La loi française condamne évidemment l’usurpation d’identité. Il s’agit d’une pratique interdite, comme l’indique l’article 226-4-1 du Code pénal : « Le fait d’usurper l’identité d’un tiers ou de faire usage d’une ou plusieurs données de toute nature permettant de l’identifier en vue de troubler sa tranquillité ou celle d’autrui, ou de porter atteinte à son honneur ou à sa considération, est puni d’un an d’emprisonnement et de 15 000 € d’amende. Cette infraction est punie des mêmes peines lorsqu’elle est commise sur un réseau de communication au public en ligne. Lorsqu’ils sont commis par le conjoint ou le concubin de la victime ou par le partenaire lié à la victime par un pacte civil de solidarité, ces faits sont punis de deux ans d’emprisonnement et de 30 000 euros d’amende« .
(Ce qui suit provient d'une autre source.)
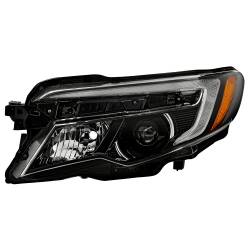 Spyder Auto - Spyder Auto 9956287 Left Black Headlight for 16-22 Passport/Pilot Ridgeline - Image 1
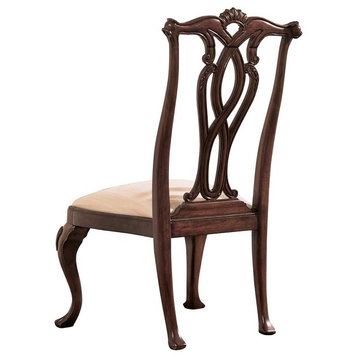 American Drew Cherry Grove Pierced Back Side Chair, Antique Cherry, Set of 2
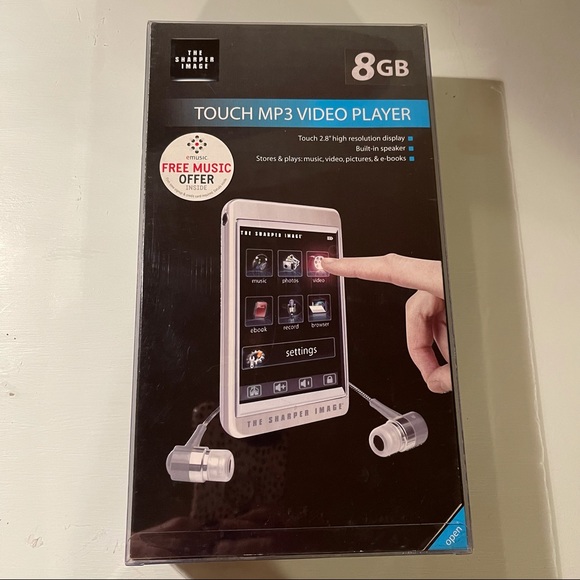 SHARPER IMAGE Touch MP3 Video Player 8 GB -Brand new - Picture 1 of 9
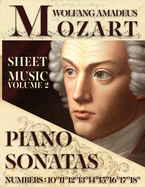 Mozart Wolfang Amadeus - Piano Sonatas - Sheet Music - Volume 2: Numbers: 101112131415161718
Le gouvernement est conscient que les usurpations d’identité se développent, surtout sur internet où il est si facile aujourd’hui de pouvoir le faire. Le premier conseil est donc de faire très attention avec ses informations personnelles : « Ne communiquez jamais d’informations personnelles sensibles (identité, mots de passe, numéro de sécurité sociale…) par messagerie, par téléphone ou sur Internet, ni de documents d’identité (pièce d’identité, fiche de paie, avis d’imposition, RIB…) à des personnes ou organismes que vous n’avez pas authentifiés avec certitude« . Si vous êtes victime, si en plus vous avez des preuves (il est important de conserver le plus de preuves possible), alors il faut impérativement porter plainte : 

« Déposez plainte  pour chaque fait d’usurpation d’identité au commissariat de police ou à la brigade de gendarmerie ou encore par écrit au procureur de la République du tribunal judiciaire dont vous dépendez. L’association France Victimes peut vous accompagner dans cette démarche au 116 006 (appel et service gratuits). Conservez une copie de chaque plainte dans le cadre de vos démarches auprès de vos organismes financiers ou des administrations. Faites au besoin appel à un avocat qui pourra vous aider à vous défendre et faire valoir vos droits ».